Open-EO / openeo-processes

Interoperable processes for openEO's big Earth observation cloud processing.
https://processes.openeo.org
Apache License 2.0
49 stars 15 forks source link

New definitions for fit_curve and predict_curve #420

Closed m-mohr closed 1 year ago

m-mohr commented 1 year ago

Make fit_curve usable in apply_dimension, scrap gap filling for predict_curve, clarify no data handling, etc.

LukeWeidenwalker commented 1 year ago

@ValentinaHutter you know this better than I do! :)

soxofaan commented 1 year ago

Small side question:

throws an InvalidValues exception if invalid values are encountered

Does "encountered" here mean just in the input data, or also during the fitting procedure?

ValentinaHutter commented 1 year ago

I agree that finite numbers should be valid.

Small side question:

throws an InvalidValues exception if invalid values are encountered

Does "encountered" here mean just in the input data, or also during the fitting procedure?

In our implementation we actually do not consider invalid values in the fitting procedure.... At least, we explicitely exclude NaN values that naturally occur in the datasets, there.

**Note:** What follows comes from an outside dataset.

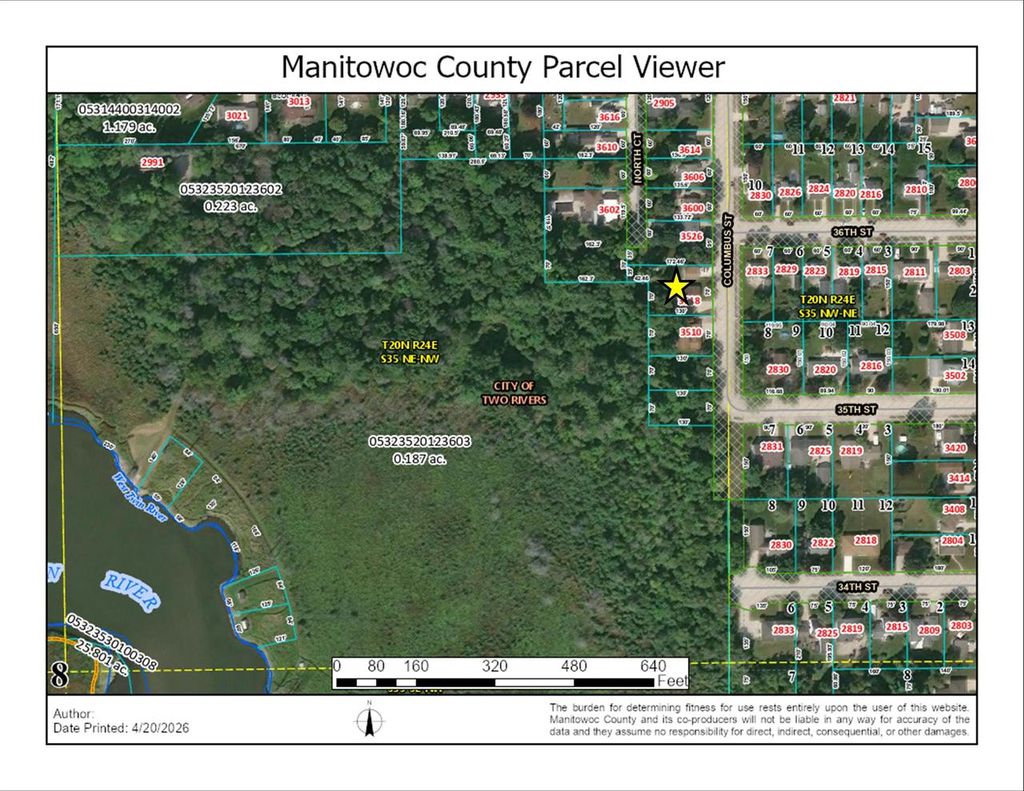 Photo of 3518 Columbus STREET, Two Rivers, WI 54241 (MLS # 50323911)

When an infinite number is in the dataset, an exception is raised and the fitting cannot be started. Let me know if we should change this :)

m-mohr commented 1 year ago

It was meant to cater for invalid values in the input data, but not sure whether and how we should cater for other cases?

clausmichele commented 1 year ago

This process must be able to handle invalid data internally and should not return an error if some invalid points are present in the time series.

m-mohr commented 1 year ago

@clausmichele So you are saying we should remove the InvalidValues exception and all mentions of it and instead say that invalid values must be dealt with smoothly? Is this possible in all cases?

clausmichele commented 1 year ago

Indeed. I can't think about all the possible scenarios, but the one for which we created this process, fitting an harmonic curve to each pixel of a raster-cube, must handle NaNs occurring due to cloud masked or or invalid pixels along the time series. Should we make this part explicit? Adding a default ignore_nodata = true ? I don't know if there could be a case where the user wants to be warned if there are invalid values in the raster-cube/time series.

soxofaan commented 1 year ago

Doesn't it actually all depend on how the callback provided in the function parameter works? https://github.com/Open-EO/openeo-processes/blob/0dd3ab0d81f67506547136532af39b5c9a16771e/proposals/fit_curve.json#L38-L43

If that function properly supports handling invalid data, then the whole fit_curve call will work. If it doesn't, then fir_curve will fail when given data that contains invalid values.

So this seems like to user's responsibility to make it work with or without invalid data support?

Or, would it be a feature of fit_curve to skip parts of the raster data cube with invalid values and only provide function the parts where the x input is fully valid?

clausmichele commented 1 year ago

@soxofaan yes exactly! So fit_curve shouldn't check the input data, but it's the fitting function that takes care of it.

m-mohr commented 1 year ago

I cherry-picked the single word change from this PR which seemed okay. The issues that came up now are somewhat related, but not strictly related to the intial PR. So having the first action done, we can now discuss additional changes here independantly.

About removing the InvalidValues error, what happens if a data cube containing strings is passed? The fitting function is defined for numbers only according to the schemas. I think with the wordsmithing updates from @soxofaan the process description makes sense to me, but please correct me if you think otherwise.

m-mohr commented 1 year ago

Rough example from today's discussions:

labels = dimension_labels(datacube) seconds = array_apply(labels, fn = to_seconds) cube2 = apply_dimension(datacube, fn, "t", seconds)

function fit: params = fit_curve(context, [1,1,1], fn);

predictions = predict_curve(cube2)